Jchonline
Elite Member
- Joined
- Feb 19, 2018
- Messages
- 2,843
- Location
- Red Feather Lakes, CO
- Tractor
- Kubota L6060, KX040-4, M7060, X1100C, M62(S)
Not sure how it works in your state, but that's not how it works here.
By shifting heavy uses to off peak hours, it is saving the saving the utilities money. If our utility saves money, the ratepayers save money: Our regulated utility basically operates on a "cost plus" basis (their rates are based on their costs plus what the regulators feel to be a reasonable profit). Peak generation is expensive - a LOT more expensive than the utilities base load generation. The incentive offered to those who are on the special non-peak rate for the power used to charge their EVs does not come even close to claiming all that is saved by the utility. In fact, those who are set up to load-shift to off peak hours are subsidizing other rate payers.

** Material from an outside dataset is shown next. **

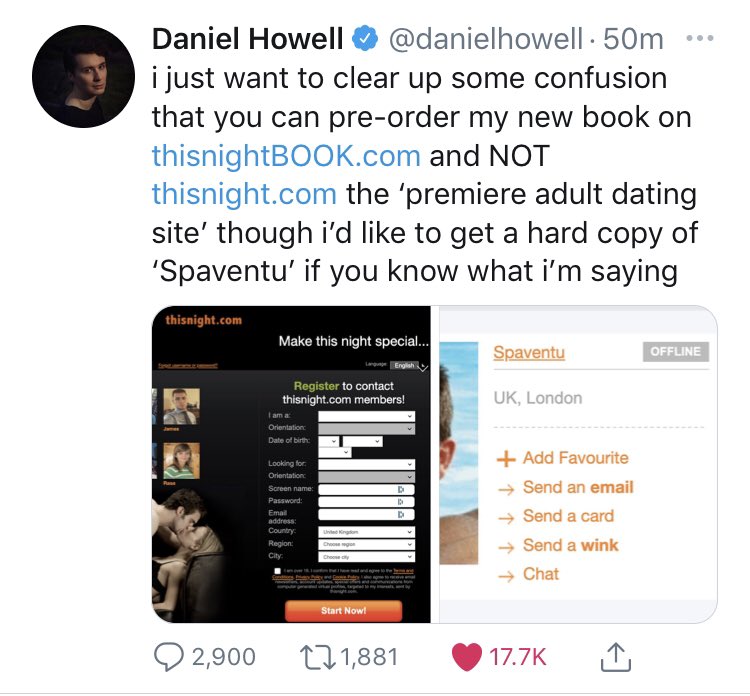 3. Dan tweet (sept 2020) i am fucking crazy but I’m free that’s why I’m on light mode before you ask. Here dan experiences sexual attraction to another man. This is disgusting. If he were married he would not do that. The divorce must be finalized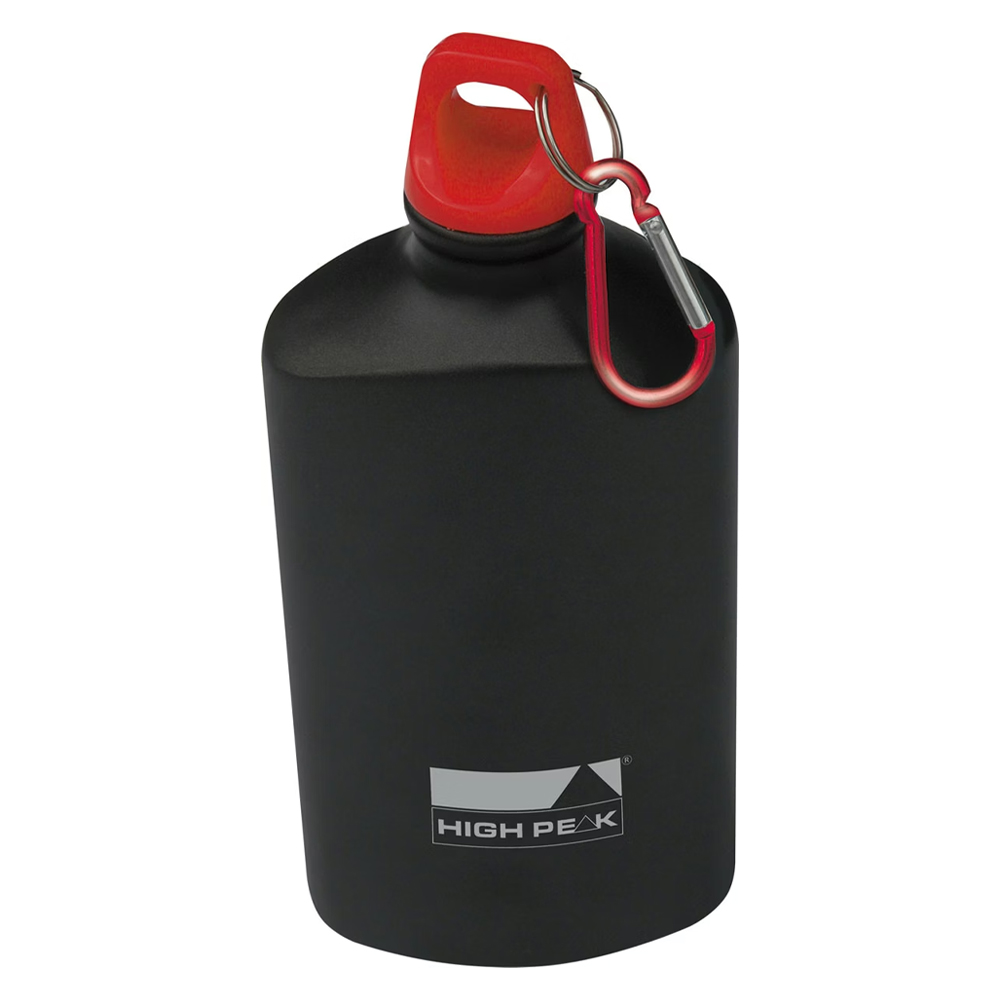 High Peak Trinkflasche Oval 0,5L Aluminum Bottle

The off-peak EV rate here is $0.14274/kWh
If I chose to "opt out" and charge during one of those peak events where they would otherwise disable my charger, the rate is $0.73388/kWh (no, that's not a typo. It's more than 5 times the rate charged for off-peak EV charging.)
That makes sense. Just charge more for EV charging if that is whats causing the added peak generation.